BEGIN Information

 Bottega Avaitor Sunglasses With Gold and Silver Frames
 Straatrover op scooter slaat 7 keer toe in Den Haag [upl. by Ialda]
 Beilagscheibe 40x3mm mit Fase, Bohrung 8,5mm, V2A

END Information
BEGIN Information

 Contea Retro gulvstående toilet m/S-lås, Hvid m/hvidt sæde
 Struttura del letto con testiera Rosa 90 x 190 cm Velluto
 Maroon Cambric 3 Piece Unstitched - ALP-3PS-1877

END Information
BEGIN Information

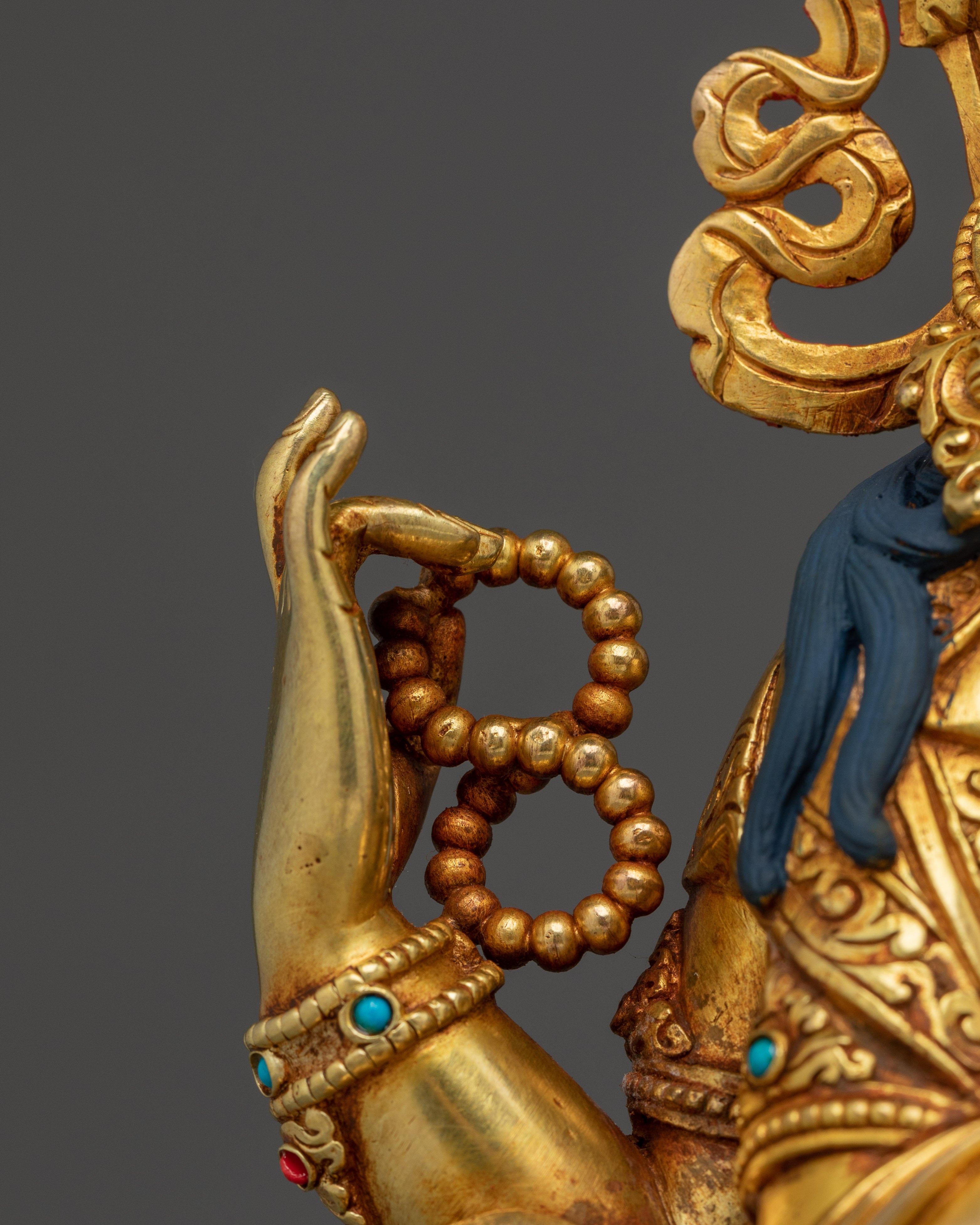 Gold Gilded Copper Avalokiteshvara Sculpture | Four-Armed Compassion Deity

END Information

--- What is needed ---
When you reach the line containing "Bottega Avaitor Sunglasses" in the data above, start copying exactly, and stop after the line containing "Beilagscheibe 40x3mm mit".

--- Solved problem ---
 Bottega Avaitor Sunglasses With Gold and Silver Frames
 Straatrover op scooter slaat 7 keer toe in Den Haag [upl. by Ialda]
 Beilagscheibe 40x3mm mit Fase, Bohrung 8,5mm, V2A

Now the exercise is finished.